How Obama is unraveling Reagan Republicanism
President Obama has finally found ways to exploit these inconsistencies the Republican party, Reich writes.
The GOP crackup was probably inevitable. Inconsistencies and tensions within the GOP have been growing for years – ever since Ronald Reagan put together the coalition that became the modern Republican Party.
All President Obama has done is finally found ways to exploit these inconsistencies.
Republican libertarians have never got along with social conservatives, who want to impose their own morality on everyone else.
Shrink-the-government fanatics in the GOP have never seen eye-to-eye with deficit hawks, who don’t mind raising taxes as long as the extra revenues help reduce the size of the deficit.
The GOP’s big business and Wall Street wing has never been comfortable with the nativists and racists in the Party who want to exclude immigrants and prevent minorities from getting ahead.
And right-wing populists have never got along with big business and Wall Street, which love government as long as it gives them subsidies, tax benefits, and bailouts.
Ronald Reagan papered over these differences with a happy anti-big-government nationalism. His patriotic imagery inspired the nativists and social conservatives. He gave big business and Wall Street massive military spending. And his anti-government rhetoric delighted the Party’s libertarians and right-wing populists.
But Reagan’s coalition remained fragile. It depended fundamentally on creating a common enemy: communists and terrorists abroad, liberals and people of color at home.

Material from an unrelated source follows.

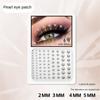 Decal Face Body Colored Rhinestone Festival Makeup Decor Temporary Tattoo Sticker Nail Art Charms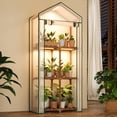 thumbnail image 1 of Greenhouse Bamworld Mini con soporte para plantas Grow Light de 3 niveles, 1 of 5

On the surface Reagan’s GOP celebrated Norman Rockwell’s traditional, white middle-class, small-town America. Below the surface it stoked fires of fear and hate of “others” who threatened this idealized portrait.
In his first term Barack Obama seemed the perfect foil: A black man, a big- spending liberal, perhaps (they hissed) not even an American.
Republicans accused him of being insufficiently patriotic. Right-wing TV and radio snarled he secretly wanted to take over America, suspend our rights. Mitch McConnell declared that unseating him was his party’s first priority.
But it didn’t work. The 2012 Republican primaries exposed all the cracks and fissures in the GOP coalition.
The Party offered up a Star Wars barroom of oddball characters, each representing a different faction — Bachmann, Perry, Gingrich, Cain, Santorum. Each rose on the strength of supporters and then promptly fell when the rest of the Party got a good look.
Finally, desperately, the GOP turned to a chameleon — Mitt Romney — who appeared acceptable to every faction because he had no convictions of his own. But Romney couldn’t survive the general election because the public saw him for what he was: synthetic and inauthentic.
The 2012 election exposed something else about the GOP: it’s utter lack of touch with reality, its bizarre incapacity to see and understand what was happening in the country. Think of Karl Rove’s delirium on Fox election night.
All of which has given Obama the perfect opening — perhaps the opening he’d been waiting for all along.
Obama’s focus in his second inaugural — and, by inference, in his second term — on equal opportunity is hardly a radical agenda. But it aggravates all the tensions inside the GOP. And it leaves the GOP without an overriding target to maintain its fragile coalition.
In hammering home the need for the rich to contribute a fair share in order to ensure equal opportunity, and for anyone in America — be they poor, black, gay, immigrant, women, or average working person — to be able to make the most of themselves, Obama advances the founding ideals of America in such way that the Republican Party is incapable of opposing yet also incapable of uniting behind.
History and demographics are on the side of the Democrats, but history and demography have been on the Democrats’ side for decades. What’s new is the Republican crackup — opening the way for a new Democratic coalition of socially-liberal young people, women, minorities, middle-class professionals, and what’s left of the anti-corporate working class.
If Obama remains as clear and combative as he has been since Election Day, his second term may be noted not only for its accomplishment but also for finally unraveling what Reagan put together. In other words, John Boehner’s fear may be well-founded.